How does a C++ constructor initialize objects of its class?

The passage means that, if you have an Initialise() function, someone might forget to call it. It is not "guaranteed to be used", because you cannot control people. On the other hand, you cannot "forget" to call a constructor, because you never call a constructor: the computer does that for you when you instantiate your object.

Of course, that doesn't mean that the constructor is guaranteed to be properly written; that's still down to you. In the case of a class like std::string, though, it's pretty hard to get that wrong as it'll at least be default-constructed if you do not write code to do something else instead.

That happens whether or not you have an Initialise() function that's supposed to be called later, but if you did put some more complex initialisation in your constructor then you can be assured that this code will run.

// Bad!
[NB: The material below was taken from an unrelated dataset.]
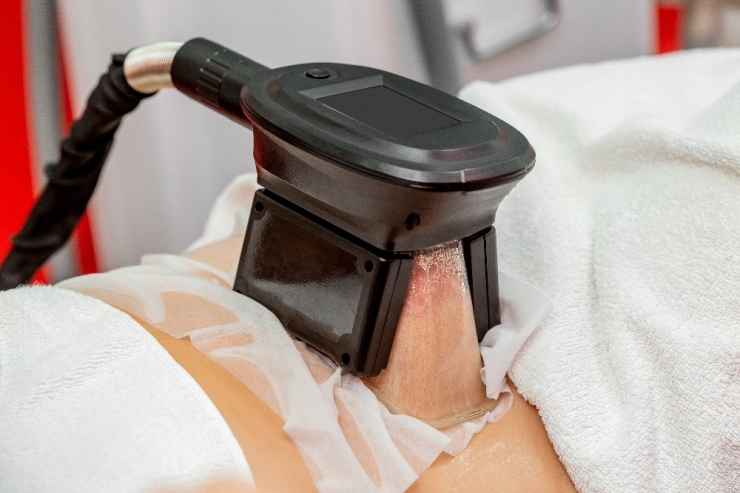 Soğuk Lipoliz İle Bölgesel İncelme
People can forget to call Initialise, so the string might stay empty
class Foo
{
public:
    void Initialise(const bool yesOrNo)
    {
        m_string = (yesOrNo ? "Yes!" : "No");
    }

private:
    std::string m_string;
};

// Good! You'll always have a value; no way around that
class Bar
{
public:
    Bar(const bool yesOrNo)
       : m_string(yesOrNo ? "Yes!" : "No")
    {}

private:
    std::string m_string;
};

Further reading:

• "Resource acquisition is initialization" on Wikipedia

When your instance of C is made, the std::string s is initialized in what is known as Member initialization.

How does "s" get initialized, and would its value be guaranteed to be the empty string whatever the compiler?

You're not showing us how you create C, so we don't know what constructor is used. If the default constructor is used, then the default constructor of std::string is used for s. This does indeed make an empty string, as explained here:

Default constructor. Constructs empty string (zero size and unspecified capacity).